When I run this, it takes about 1.43s to load these 100 documents. Under the hood, this extracts links from the wikipedia page. I have previously run all 5,989,847 documents from the dump through this process using async, and it took about 2.5 hours total. 

# Entity Centric: LLMGraphTrasnformer

The following is based on LangChain's ["How to construct knowledge graphs"](https://python.langchain.com/docs/how_to/graph_constructing/#llm-graph-transformer). It uses `LLMGraphTransformer` to transform documents into knowledge graph nodes and edges.

In [12]:
from langchain_core.documents import Document
from langchain_experimental.graph_transformers import LLMGraphTransformer
from langchain_openai import ChatOpenAI

llm = ChatOpenAI(temperature=0, model_name="gpt-4-turbo")
llm_transformer = LLMGraphTransformer(llm=llm)

from time import perf_counter
start = perf_counter()

documents_to_load = [Document(page_content=line) for line in lines_to_load]
graph_documents = llm_transformer.convert_to_graph_documents(documents_to_load)

end = perf_counter()
print(f"Loaded (but NOT written) {NUM_LINES_TO_LOAD} in {end - start:0.2f}s")

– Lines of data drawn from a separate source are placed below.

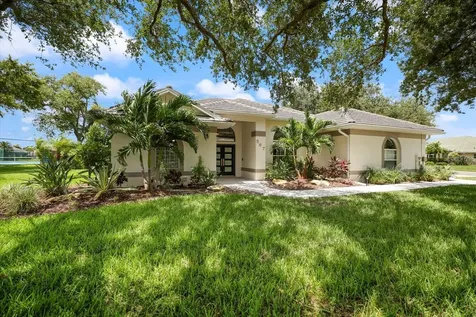567 Lake Of The Woods Drive Venice FL 34293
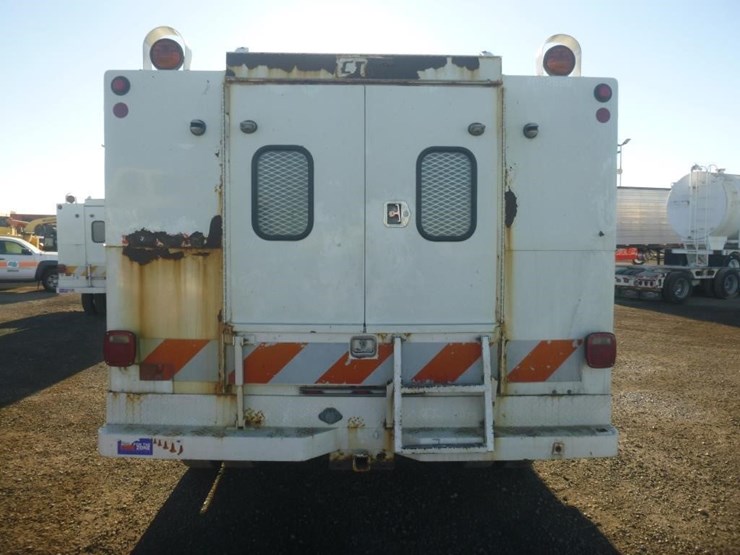 2005-ford-f450-image-7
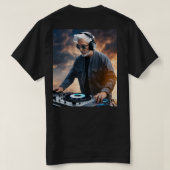 To create a DJ T-shirt with a print title, here ar (Design achterkant)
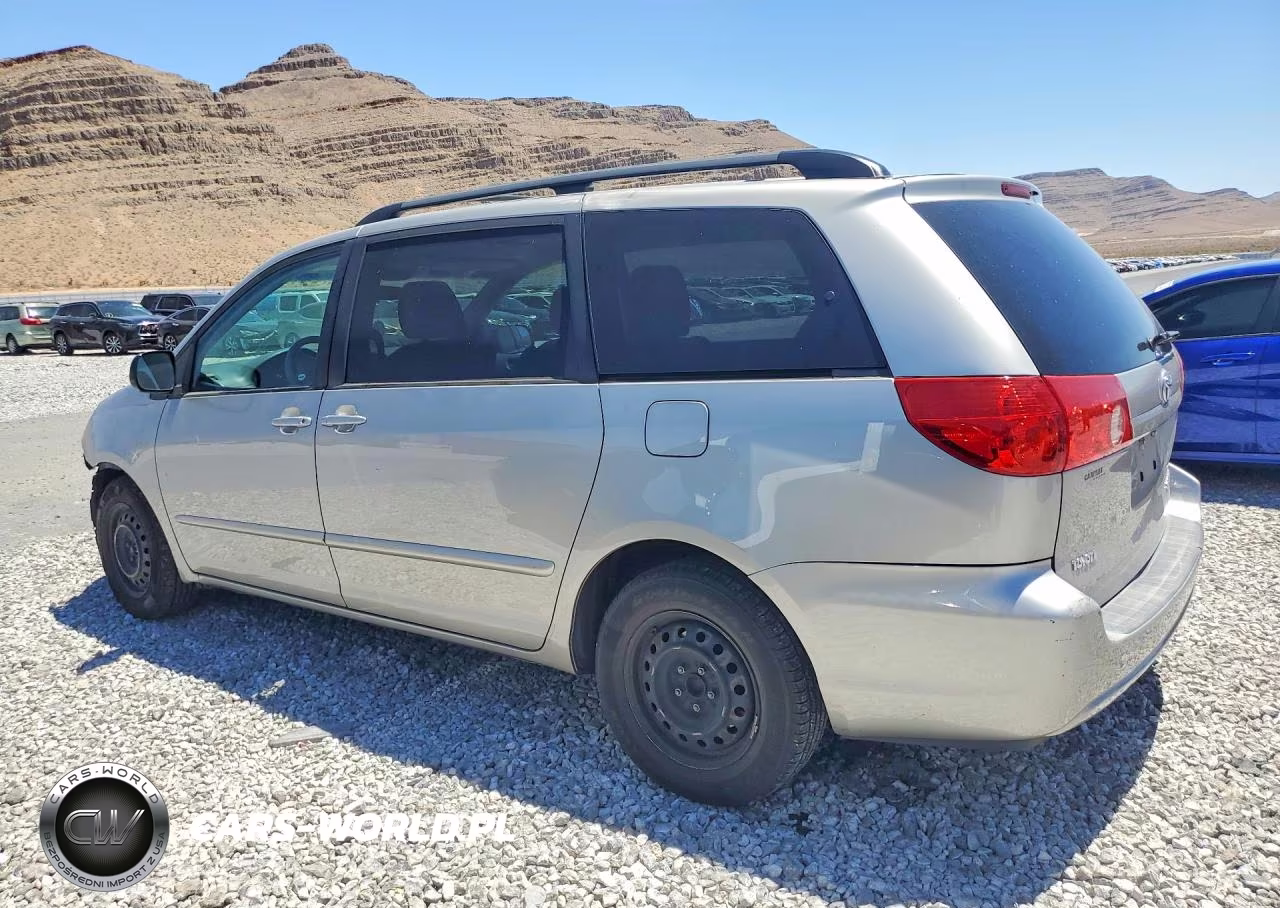2010 Toyota Sienna Le 7-Passenger VIN:5TDKK4CC7AS335433 - 2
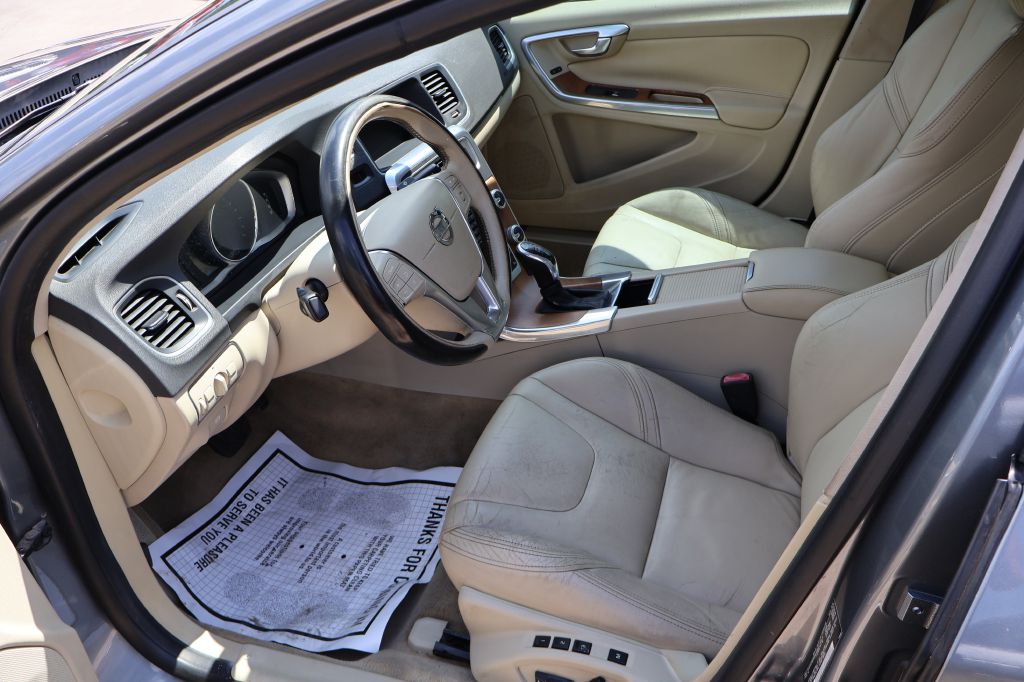 Photo 15 of this VOLVO S60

Loaded (but NOT written) in 1024.13s


In [None]:
from langchain_community.graphs.memgraph_graph import MemgraphGraph

from time import perf_counter
start = perf_counter()

graph_store = MemgraphGraph(url = "", username = "", password = "")
graph_store.add_graph_documents(graph_documents)

end = perf_counter()
print(f"Written in {end - start:0.2f}s")

Just loading the data (not writing it to a Graph Store) took 1024.13s. Extrapolating to all 5,989,847 documents, this would be 710 days -- nearly 2 **years**! Of course, there are likely similar opportunities for parallelism -- assuming the same reduction, that would get it down to a mere 74 days. Assuming that could be done in a fault-tolerant way (or no errors happened), the resulting graph documents would still need to be written to a graph store.

# Conclusion
In this short notebook, we saw how articles from a Wikipedia dump could be loaded into a `GraphVectorStore` in mere hours. The same content would take months of processing time and incur significant LLM costs to load into a knowledge graph.